# [Data shown]
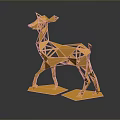 Golden Polygonal Deer Sculpture With Abstract Geometric Design And Shiny Surface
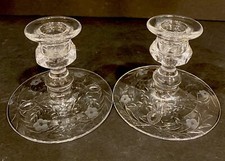 Pair Of Vintage Etched Glass Candle Holders picture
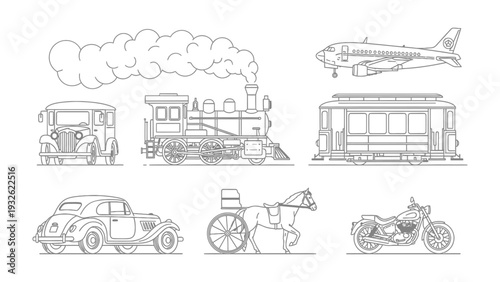 Vintage Transport Icons: A collection of meticulously detailed line drawings showcases an array of classic transportation icons, evoking a sense of nostalgia and the evolution of travel.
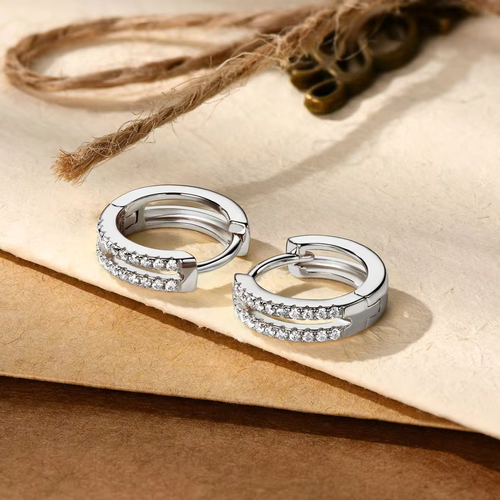 Mini Doubled Lined Pave Sparkling Moissanite Hoop Huggies
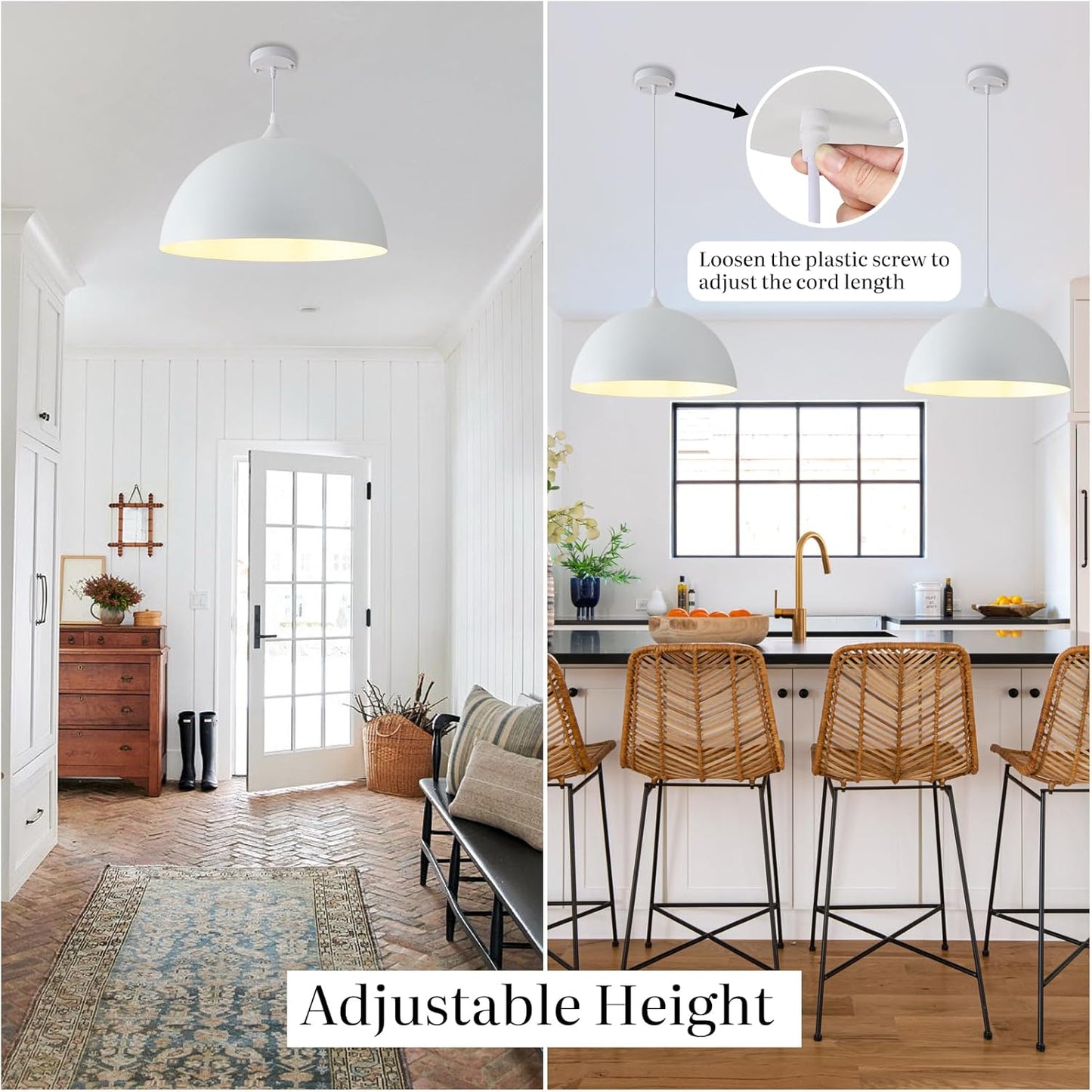 White Pendant Lights Kitchen Island, 15.7' White Dome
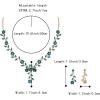 image:imageBriLove Womens Wedding Jewelry Leaf Cluster Flower Crystal Dangle Earrings Pendant Necklace Set for Bridal08Blue Topaz GoldPlatedBase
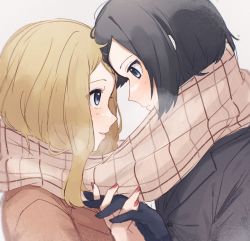 Rule 34 | 1boy, 1girl, alternate costume, black hair, blonde hair, blurry, blush, brown coat, calem (pokemon), coat, commentary request, creatures (company), eye contact, eyelashes, face-to-face, from side, game freak, gloves, grey eyes, hand grab, holding hands, long hair, looking at another, nail polish, nintendo, parted lips, plaid, plaid scarf, pokemon, pokemon xy, posunke, red nails, scarf, serena (pokemon), shared clothes, shared scarf, smile, upper body
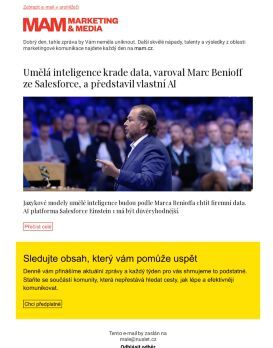 MAM aktualita - Umělá inteligence krade data, varoval Marc Benioff ze Salesforce, a představil vlastní AI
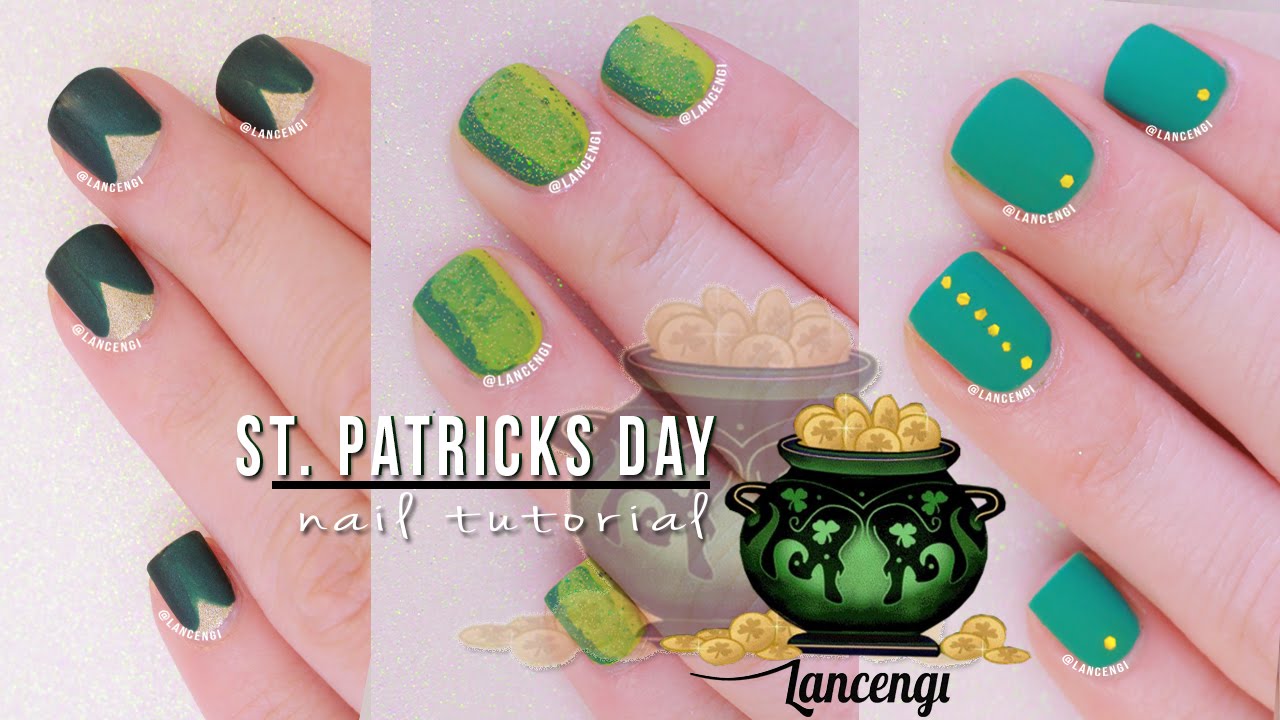 DIY Cute & Easy Nail Art For Beginners #26 + NO TOOLS - St Patricks Day Polish Designs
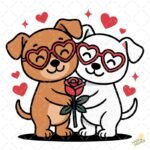 Perros enamorados PNG ai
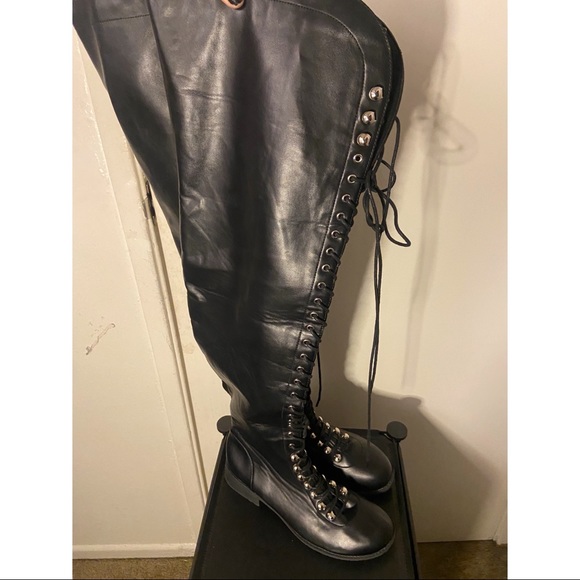 Over the Knee Boots Vegan Leather - W10 - NEW (Not in Stores) - Picture 3 of 15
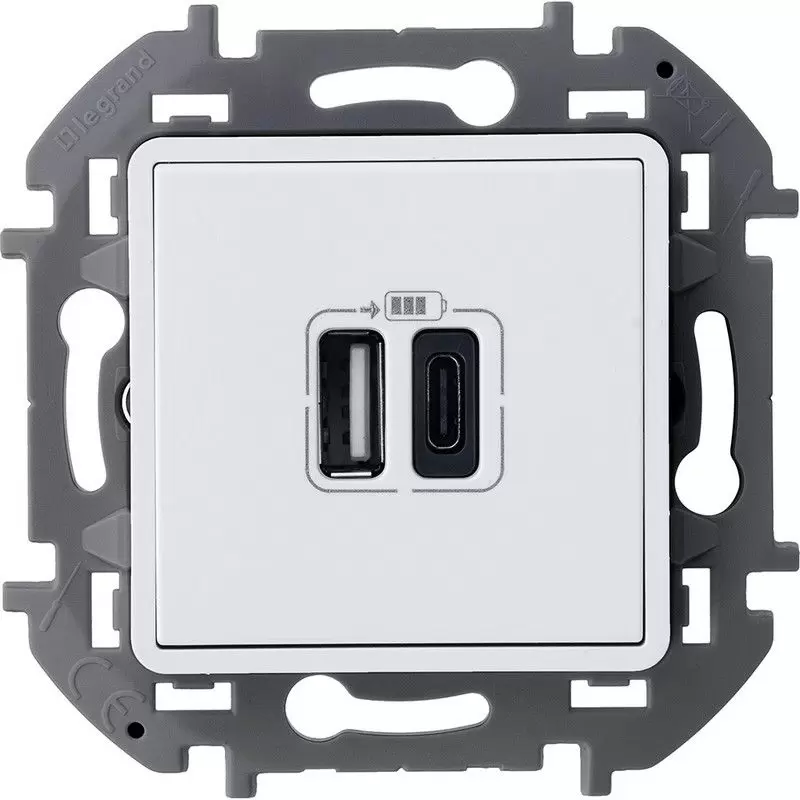 USB розетка Legrand INSPIRIA Белый с двумя USB разьемами AC 240В/5В 3000мА 673760
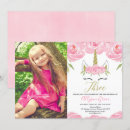 Search for unicorn 3rd birthday invitations Girl third birthday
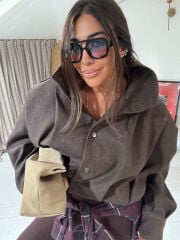 KAHVE DENIM KISA TRENCH COAT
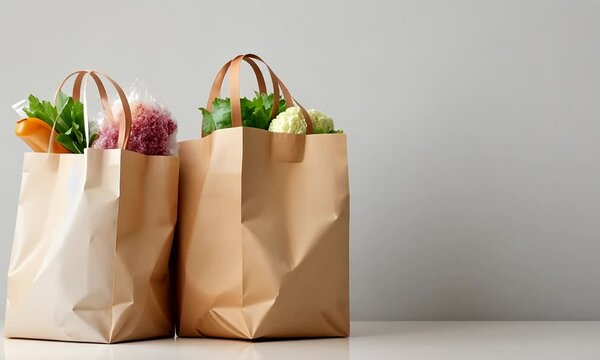 A white bag filled with groceries, including beverages and baked goods, on a light background.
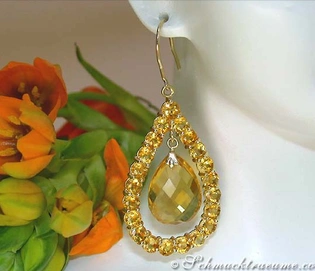 Goldene Citrin-Ohrringe mit 12.600 Karat in Gelbgold 585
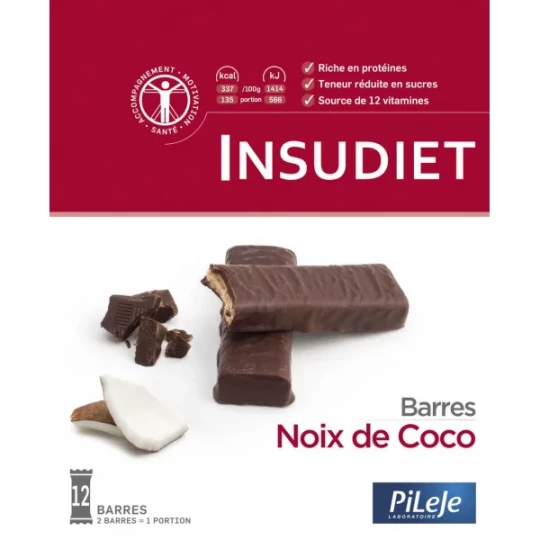PiLeJe Insudiet Barres Noix de Coco x 12
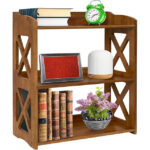 Brown Natural Wood 2-Tier Freestanding Modern Multi-functional Space-Saving Home Furniture Bookcase for Bedroom Living Room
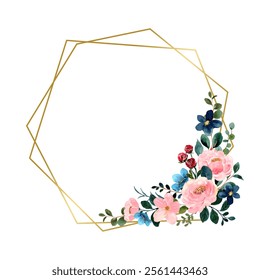 Watercolor pink floral wreath with golden circle. Watercolor floral wreath with golden color circle. Beautiful floral frame with golden and geometric
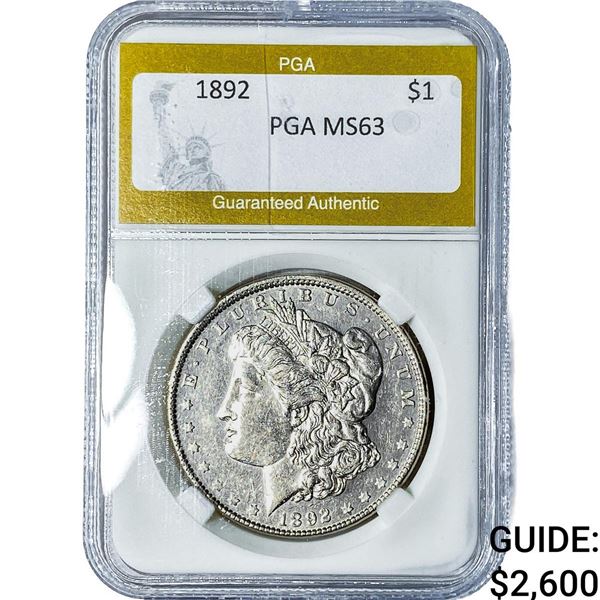 1892 Morgan Silver Dollar PGA MS63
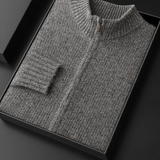 Cardigan de Caxemira Puro Cinza com Fecho e Acabamentos em Ribana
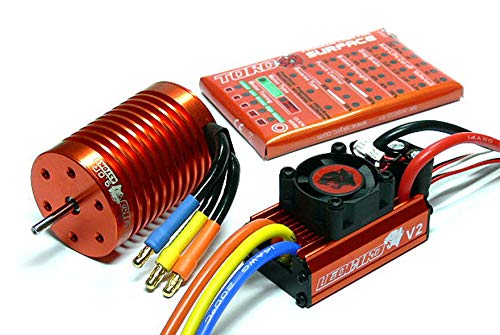 Xiangtat RC Sensorless Brushless 60A ESC Combo with 4370KV 9T Brushless Motor + Program Card (9T 60A Combo)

# [Prompt]
Print, exactly, each line above from the one with "Vintage Transport Icons: A" to the one with "White Pendant Lights", end lines included. Leave pictures out of it.

# [Solution to the exercise]
 Vintage Transport Icons: A collection of meticulously detailed line drawings showcases an array of classic transportation icons, evoking a sense of nostalgia and the evolution of travel.
 Mini Doubled Lined Pave Sparkling Moissanite Hoop Huggies
 White Pendant Lights Kitchen Island, 15.7' White Dome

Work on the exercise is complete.